By the late 1830s, Iowa Territory had been carved out of the larger Wisconsin Territory, and Iowa leaders, particularly territorial Gov. Robert Lucas, argued strongly for the point downstream where the two rivers met, thereby handing the disputed land to Iowa.

Both governors had reputations as fighters.

Boggs in 1838 had called out his militia for the removal or extermination of Mormons who had established their movement’s headquarters in northwest Missouri. Lucas, as former governor of Ohio, had called out that state’s militia in a dispute with Michigan Territory over a territorial dispute about the area around Toledo.
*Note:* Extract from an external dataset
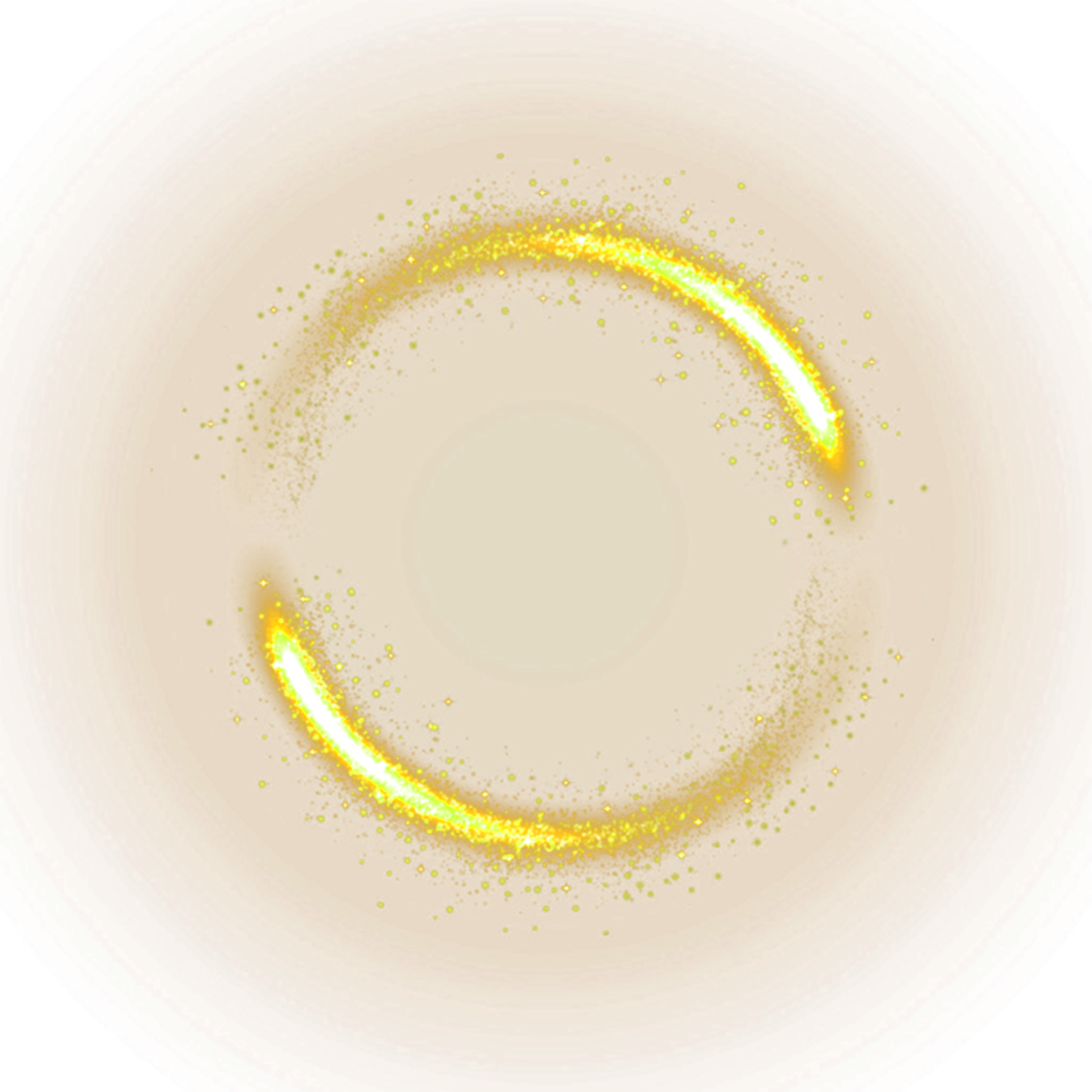 Imagem de download de PNG de fronteira de brilho dourado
When the sheriff of Clark County, the Missouri county adjoining the disputed region, rode in to try to collect property taxes from residents, the argument heated up.

The sheriff of the newly organized Van Buren County in Iowa Territory promptly arrested his Missouri counterpart, tried him in a local court and clapped him in jail in Farmington, Iowa.
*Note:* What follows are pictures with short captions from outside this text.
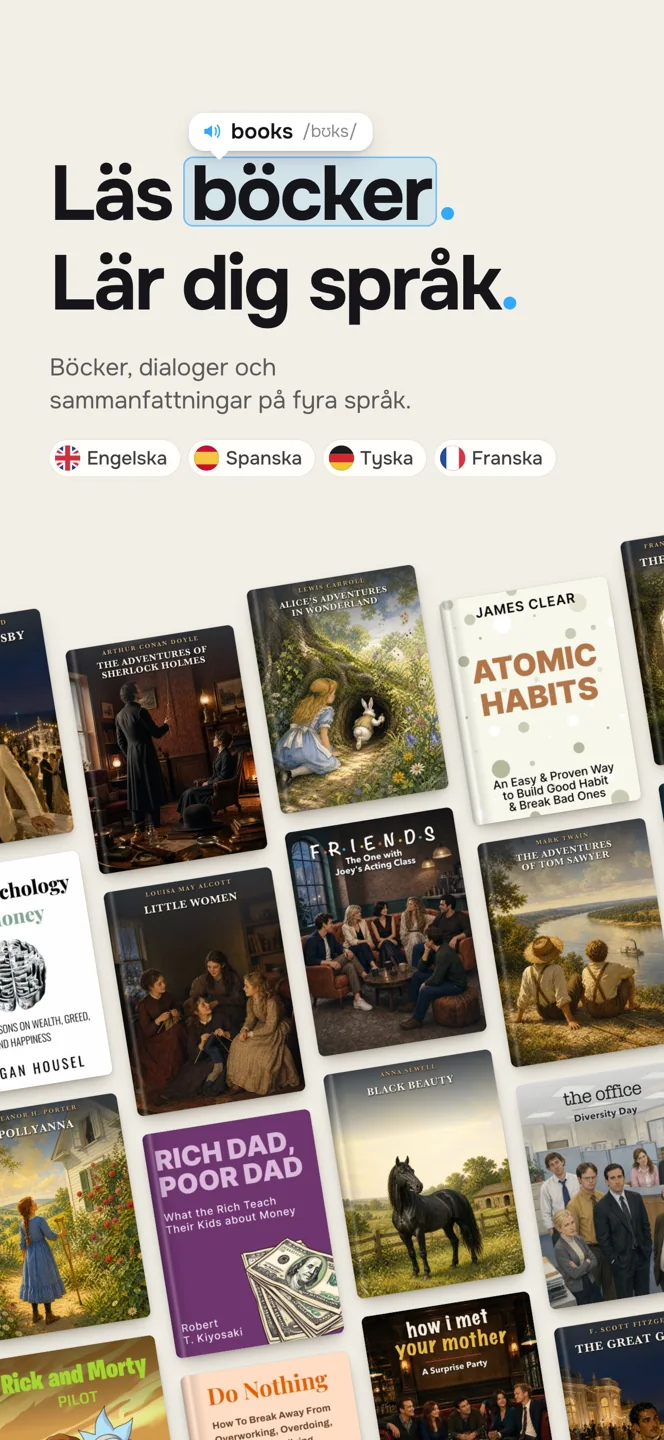 Böcker och bibliotek — Svenska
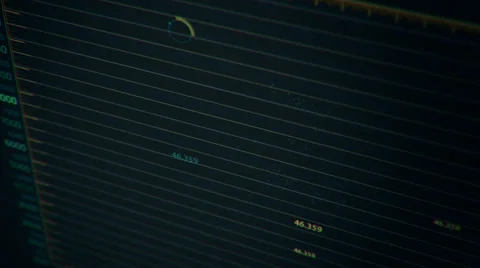 Futuristic Technological Interface Background Stock Footage 44788430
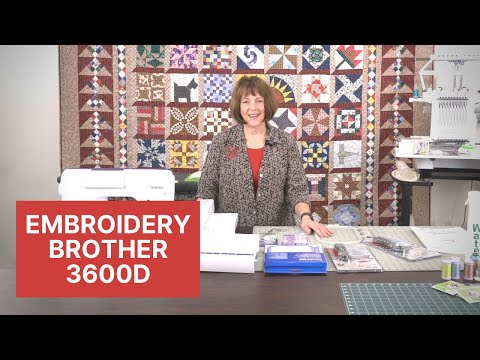 Embroidery Positionning On the Brother 3600d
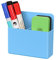 CASEBOT Magnetischer Marker Halter, Stifthalter Trocken Abwischbarer Marker-Halter für Whiteboard, Magnettafel Kühlschrank Spind sowie die metallische Oberflächen Marker Organizer Storage, Blau
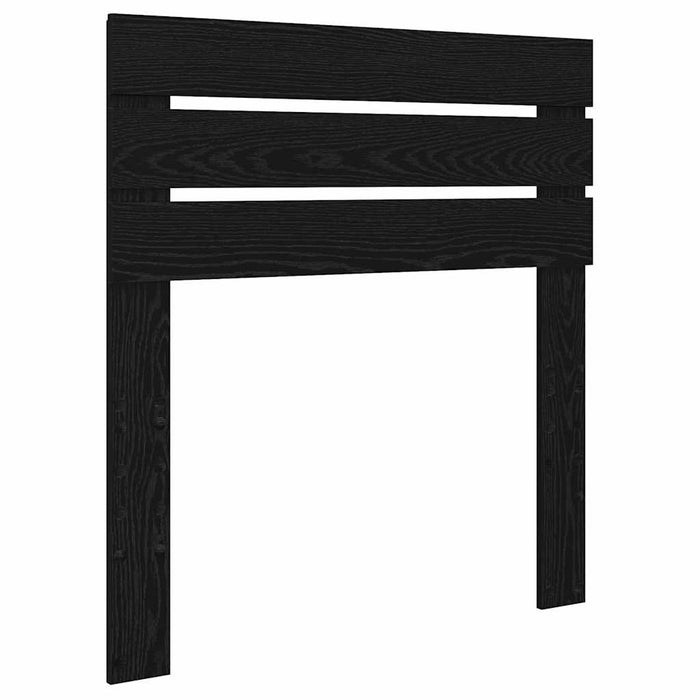 Tăblie cap cu headboard Stejar Negru 100 cm Lemn compozit - WALTI WALTI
The situation grew more touchy when a Missourian came onto the disputed land and cut down four dead trees that housed bee hives, a resource that local Iowans had called their own.

The arrest of the Clark County sheriff, and the bee hive incident — giving the dispute the name The Honey War — spurred both governors to military action.

Gov. Boggs called out the Missouri militia, and 800 of those troops mustered along the Missouri side of the disputed area. Lucas did the same for Iowa, and 600 Iowans faced off on the Iowa side, armed with muskets, pitchforks, hoes, spears, scythes, clubs and an old-fashioned sausage stuffer.

Local residents on both sides saved the day.

They jointly petitioned their respective governors to call off the troops, and both governors were soon replaced. But the disputed border remained an issue. After Iowans several times rejected referendums for statehood in the early 1840s, they finally narrowly approved it, and Congress created the state of Iowa in 1846.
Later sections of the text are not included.